■ Schweizer Kaffeerahmdeckeli erobern die Welt
: In Benzin legen, dann glattwalzen

Konstanz (taz) – „Das ist endlich mal ein Trend, der nicht aus den USA kommt – sondern aus der Schweiz“, jubelt Thomas Hediger. Erst waren es nur Käse und Offiziersmesser. Dann kam die ausgeflippte Swatch-Uhr. Und jetzt das: Kaffeerahmdeckeli. Hediger, eigentlich Briefmarkenhändler in St. Gallen, verkauft von Jahr zu Jahr mehr von diesen kleinen Verschlüssen für Kaffeerahmportionen. „Ich habe schon Kunden bis nach Hamburg. Für die Deutschen ist das wie im Schlaraffenland hier. Die deutschen Deckeli werden zwar auch immer dekorativer – sind aber noch lange nicht so attraktiv wie die schweizerischen.“

Angefangen hatte es ganz harmlos: Vor rund 30 Jahren wurden bei der Neher AG (Alusuisse-Lonza) im thurgauischen Kreuzlingen zum ersten Mal Schutzfolien für Kaffeesahne mit bunten Bildchen bedruckt. Wer die kleinen Alus vor dem Mülleimer rettete, wurde zunächst oft wegen seines spießigen Kleine-Leute-Hobbys belächelt. Heute ist das Sammeln gesellschaftsfähig. Zehntausende Eidgenossen, oft in Vereinen wie dem Berner „Kaffee-Doppelcrème“ organisiert, bekennen sich offen zu ihrer Obsession.

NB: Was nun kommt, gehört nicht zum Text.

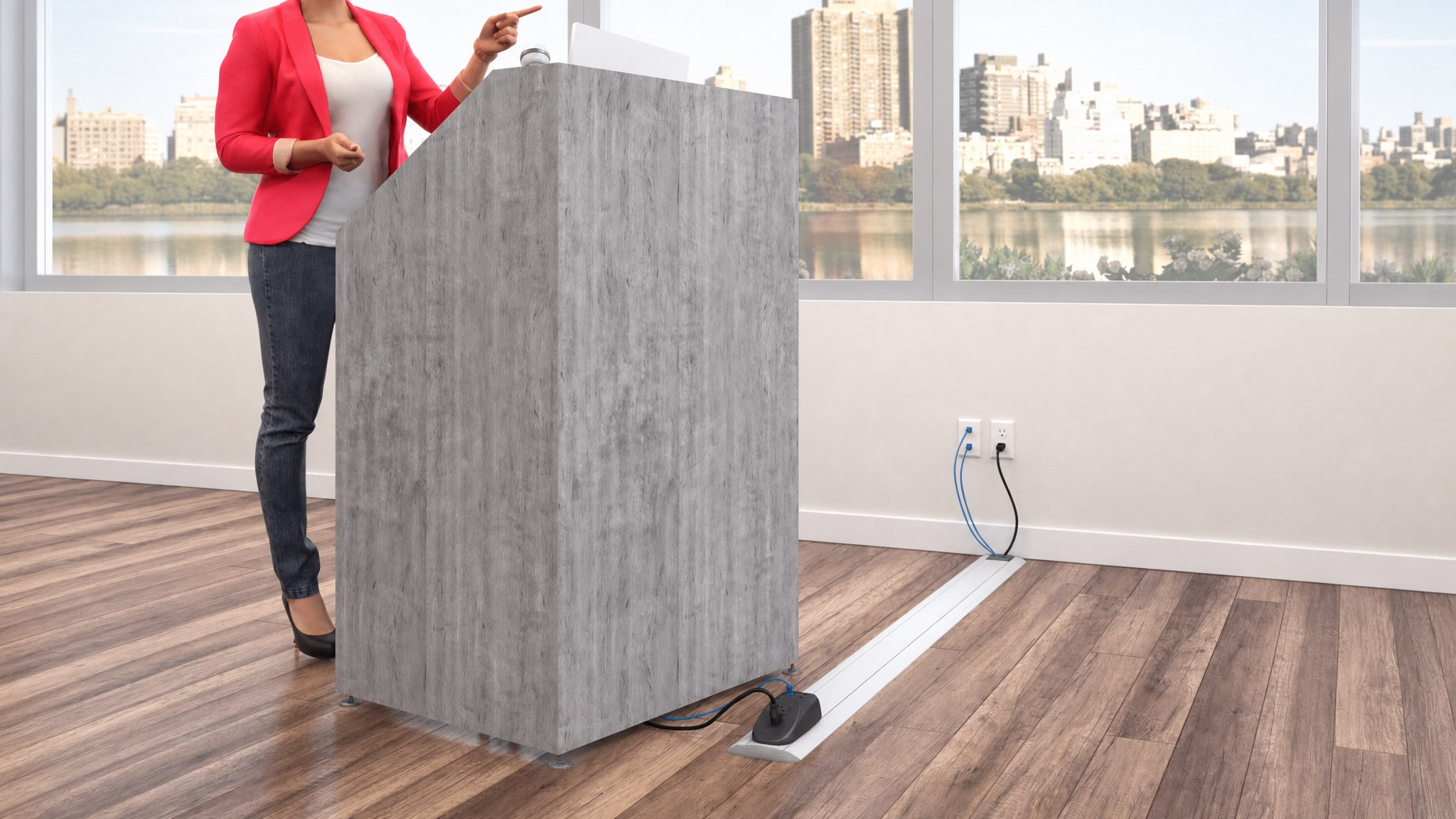 Floor cable raceway running from wall outlet to podium on wood floor.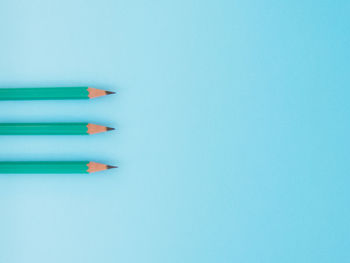 Close-up of colored pencils against white background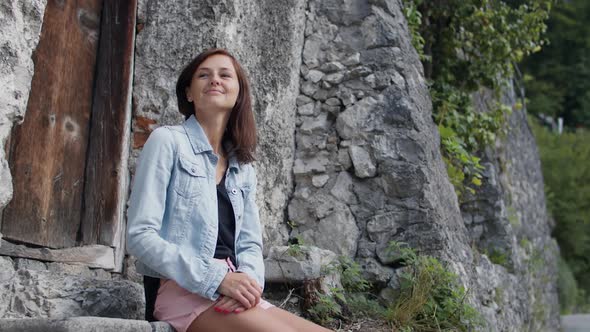 Woman Smiles While Sitting on Stone Steps alt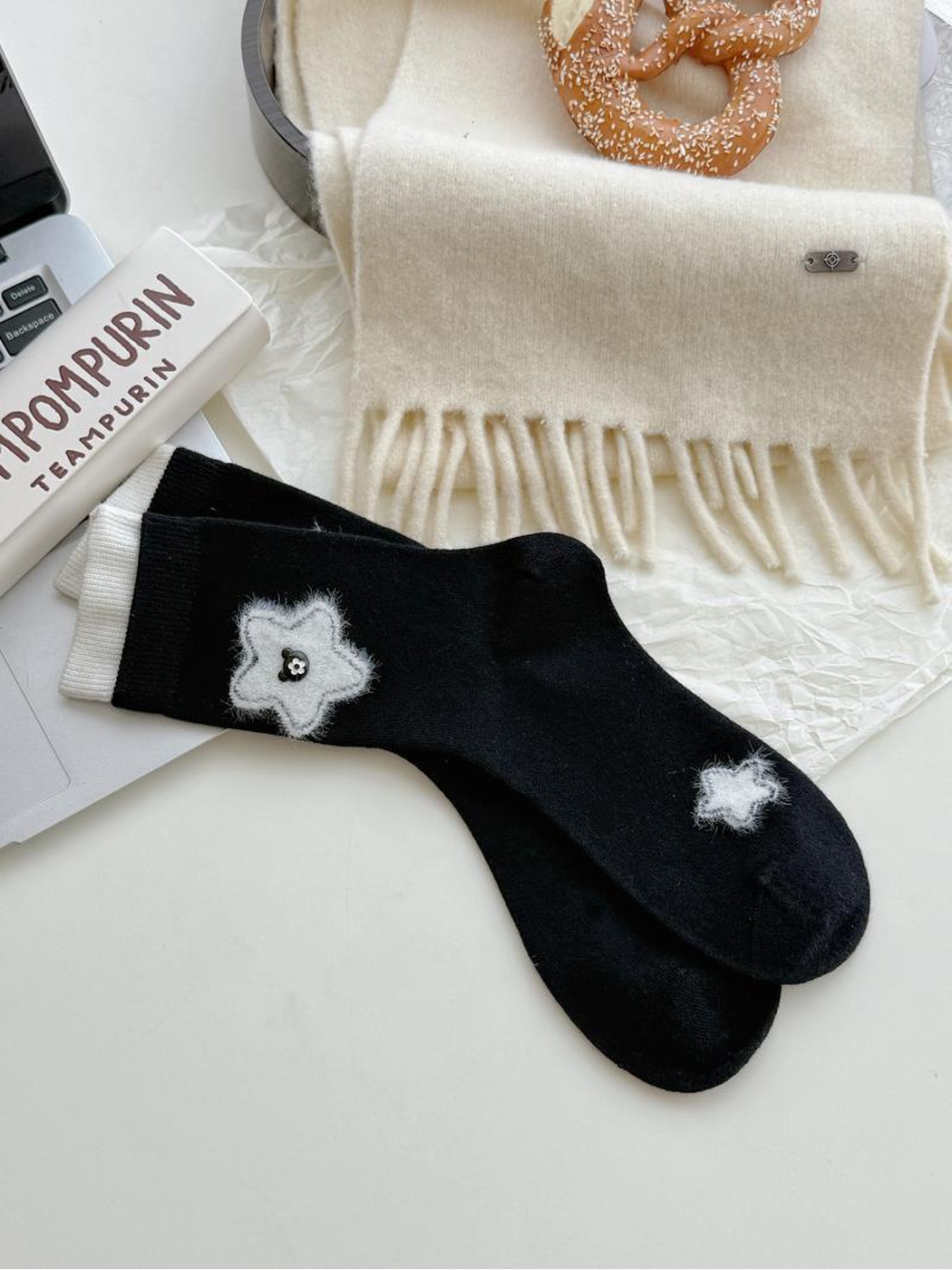 Flowers style black socks with fuzzy white flower motifs and contrasting white cuff edges.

Um die Sammelwut zu befriedigen, werden beinahe täglich neue Deckelserien herausgegeben. Ulrike Bühler, hauptberufliche Deckelidesignerin bei Neher, hat allein im letzten Jahr über 100 Serien gestaltet – jede Reihe mit jeweils 15 bis 40 Motiven. Die Großserie „Max und Moritz“ brachte es gar auf 90 Einzelbilder. „Und es werden immer mehr. Der Markt boomt zur Zeit sehr.“

Über Moral und öffentliche Ordnung wacht der Zentralverband schweizerischer Milchproduzenten in Bern, bei dem die Sahnebilder vor ihrer Veröffentlichung einzureichen sind. Pornographie zeigen deshalb die Alubilder nur ansatzweise: mäßig frivole Fotos aus den zwanziger Jahren, hie und da ein blanker Busen, eine Reihe „Der Kuß“. Im Prinzip seien aber der Phantasie so gut wie keine Grenzen gesetzt, erklärt Frank Schmidt von Alusuisse. Bloß: „Es gibt fast keine neuen Ideen mehr.“ Der Konkurrenzkampf zwischen den größten Schweizer Deckeliherstellern – Neher, NycO und Alcan – sei knallhart. „Werkspionage wird noch nicht direkt gemacht. Aber es gibt Leute, die ganz gerne in andere Grafikabteilungen schauen...“

Exemplare der derzeit teuersten Serie „Schattenspiele“ erzielen bei Auktionen 3.000 Schweizerfranken. Preistendenz: steigend. Normale Wald- und Wiesenblumendeckeli gibt es, sieht man von den raren Fehldrucken ab, meist billiger – in der Regel für etwa einen Franken pro Stück. Aber auch damit kann man ordentlich absahnen: Die im Kanton Bern, der helvetischen Deckelihochburg, angesiedelte Kade AG zum Beispiel wirft nicht nur eigene, „inoffizielle“ Serien auf den Markt, sondern vertreibt auch Sammlerzubehör wie Alben (möglichst edel, in Leder) oder Deckeliwalzen. Nur Experten können Neuauflagen von kostbaren Erstausgaben unterscheiden. Von der 5er-Serie, die das Massenblatt Blick herausgab (Stückpreis: 600 Franken), sollen schon Fälschungen im Umlauf sein.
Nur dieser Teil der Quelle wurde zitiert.